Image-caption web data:
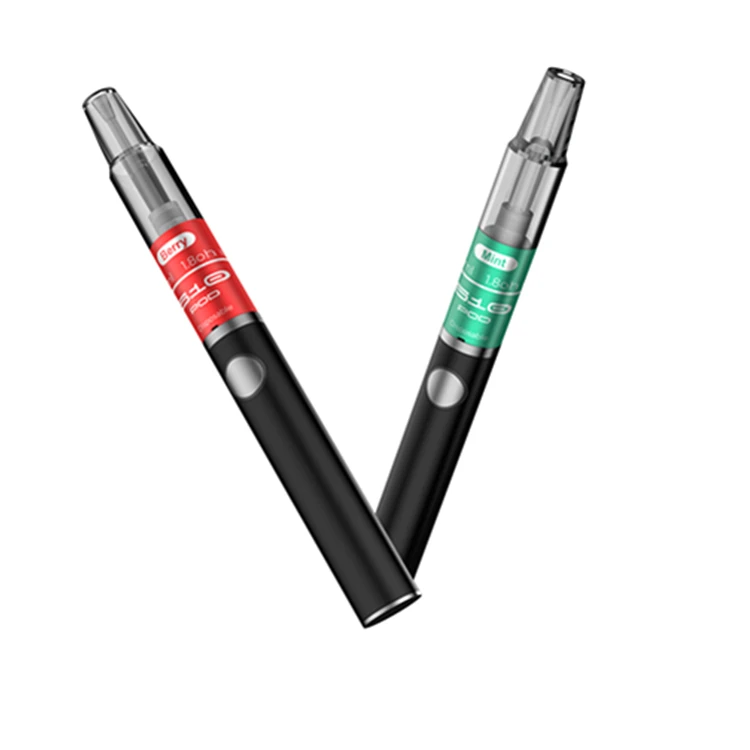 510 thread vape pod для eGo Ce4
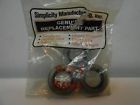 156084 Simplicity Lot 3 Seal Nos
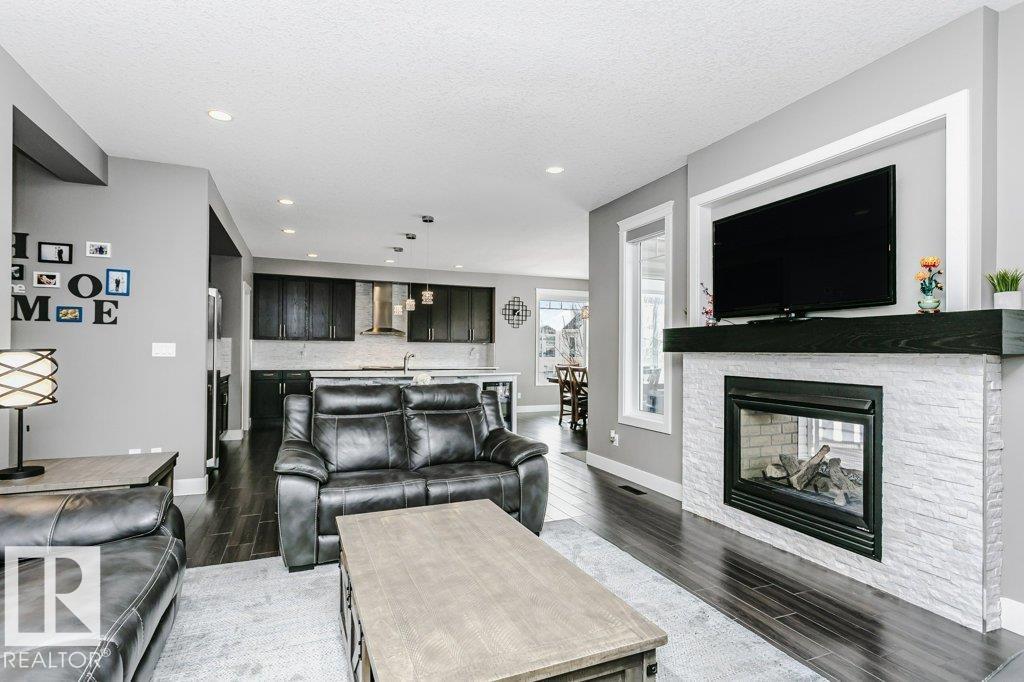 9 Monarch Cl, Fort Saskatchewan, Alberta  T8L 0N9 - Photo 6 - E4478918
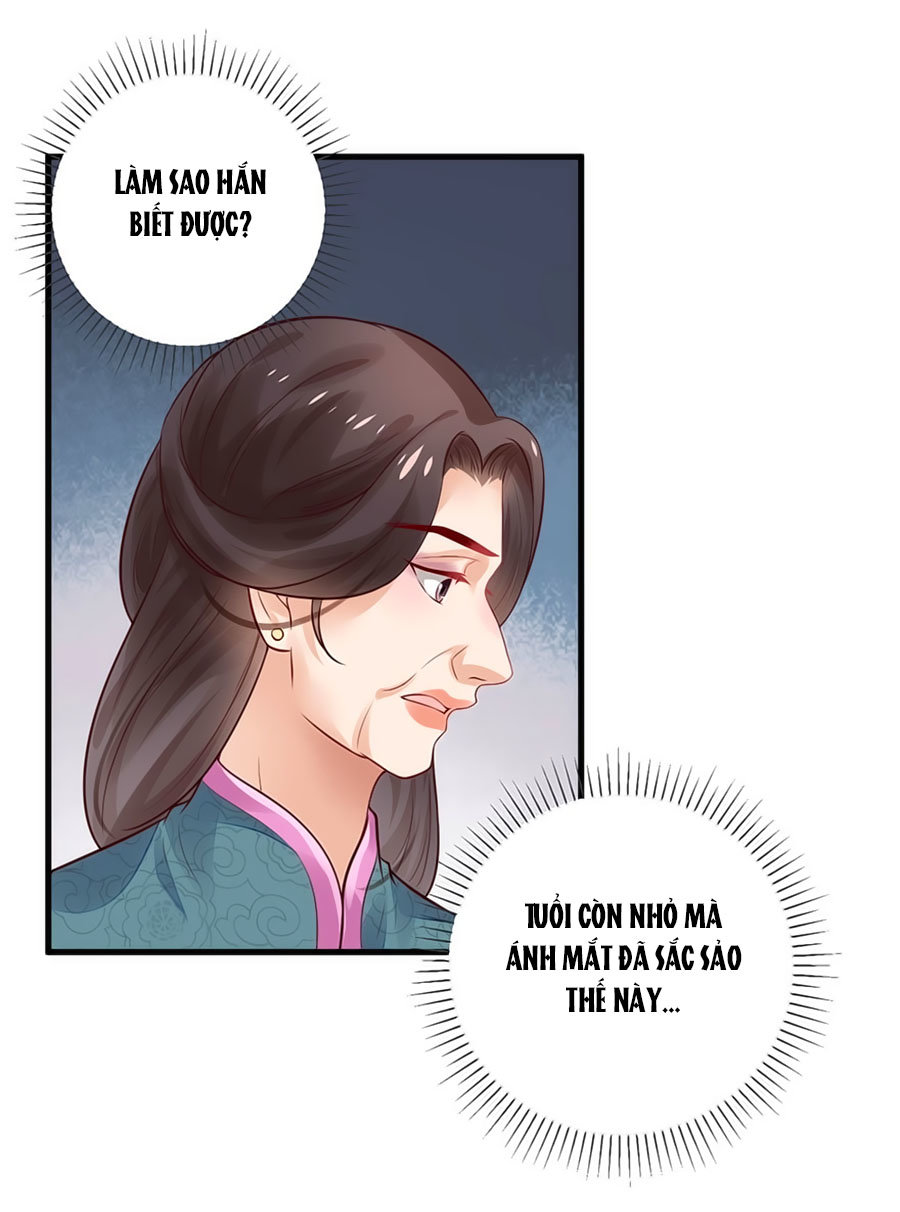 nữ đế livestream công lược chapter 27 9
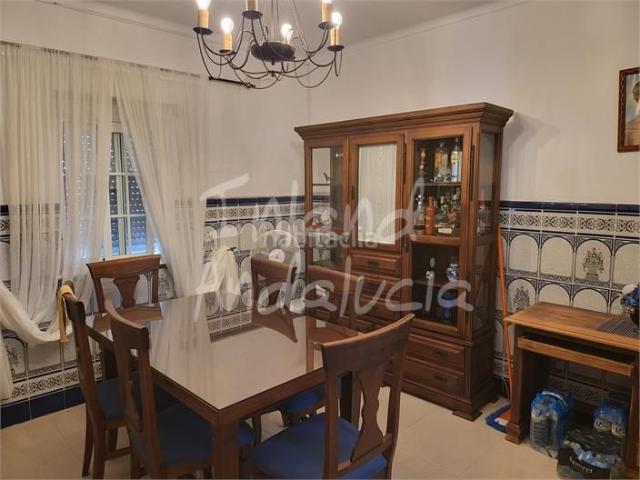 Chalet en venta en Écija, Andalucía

#### [ASSIGNMENT]
Exactly as written above, print every line of the data but not its pictures.

#### [EXERCISE RESULT]
 510 thread vape pod для eGo Ce4
 156084 Simplicity Lot 3 Seal Nos
 9 Monarch Cl, Fort Saskatchewan, Alberta  T8L 0N9 - Photo 6 - E4478918
 nữ đế livestream công lược chapter 27 9
 Chalet en venta en Écija, Andalucía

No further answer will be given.